[[ Supplied records, beginning ]]
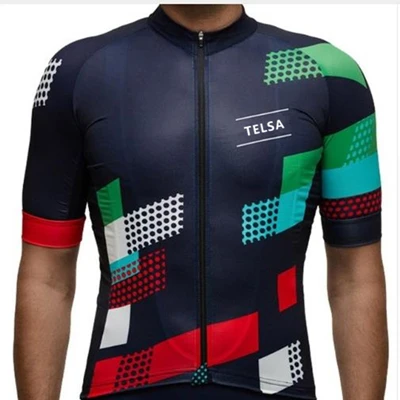 3 Велоспорт Джерси TESLA велосипед рубашки PRO командная гонка MTB майки Майо Ciclismo Hombre велосипедный Топ Bicicleta на заказ - Цвет: 3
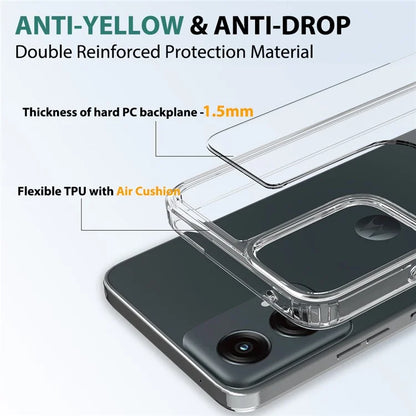 For Motorola Moto G 5G (2024) Case TPU+Acrylic Transparent Phone Cover Anti-drop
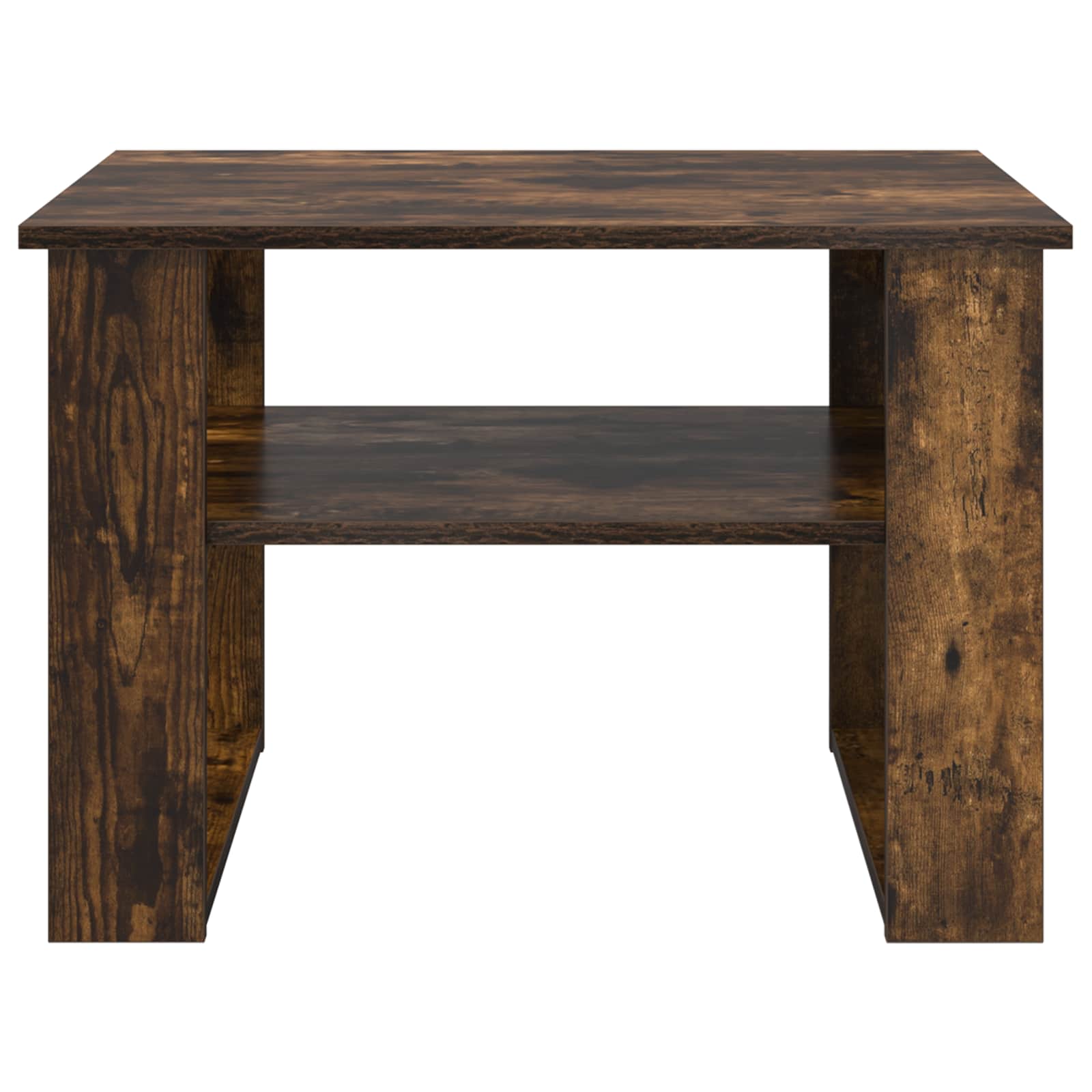 Salontafel Gerookt eiken 64 x 54 x 44 cm Bewerkt hout is nu te koop bij PeponiXL, paradijselijk wonen!
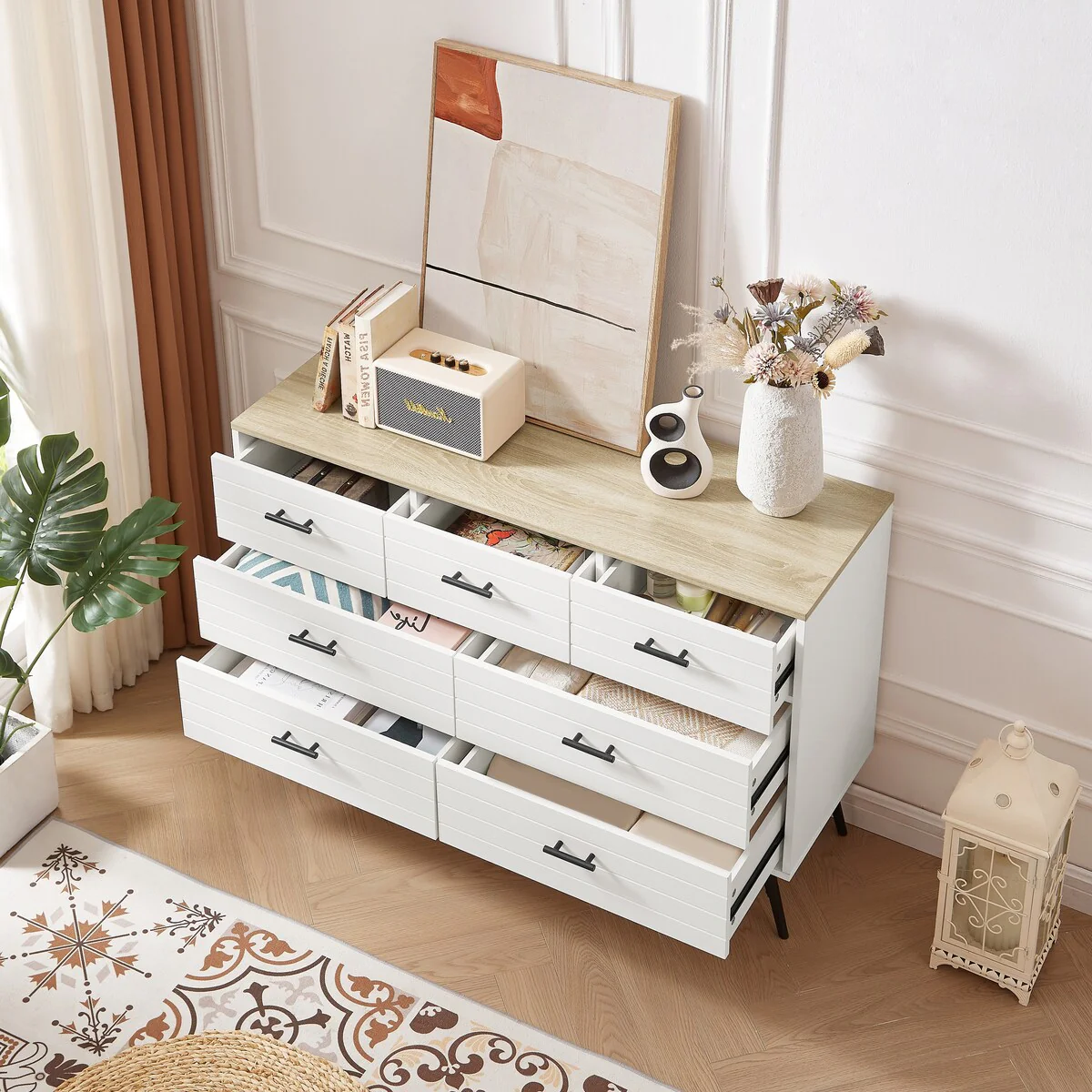 7 Drawer Dresser with Deep Drawers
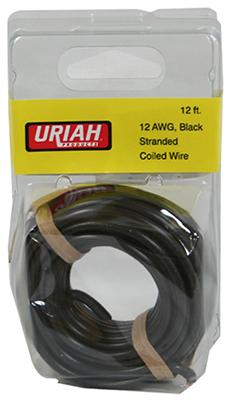 12" BLK 12AWG Prim Wire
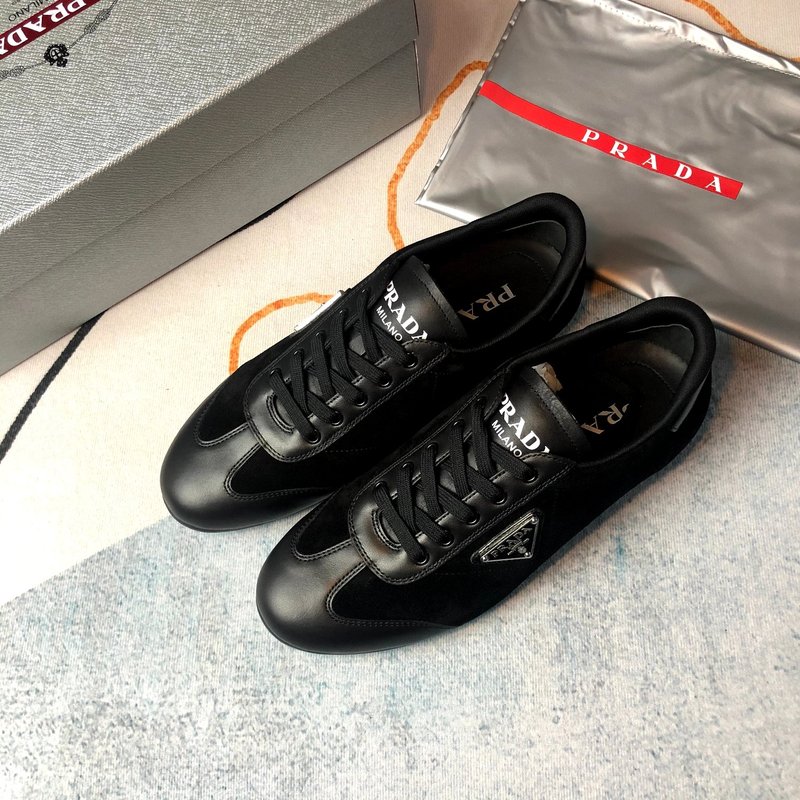 PRADA 블랙 옥스포드 슈즈 001-226980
[[ Supplied records, end ]]
*Work instruction*
Give back, exactly and with nothing added, the lines from the line with "Salontafel Gerookt eiken" through the final line of the data, both included; leave pictures out.

*Task result*
 Salontafel Gerookt eiken 64 x 54 x 44 cm Bewerkt hout is nu te koop bij PeponiXL, paradijselijk wonen!
 7 Drawer Dresser with Deep Drawers
 12" BLK 12AWG Prim Wire
 PRADA 블랙 옥스포드 슈즈 001-226980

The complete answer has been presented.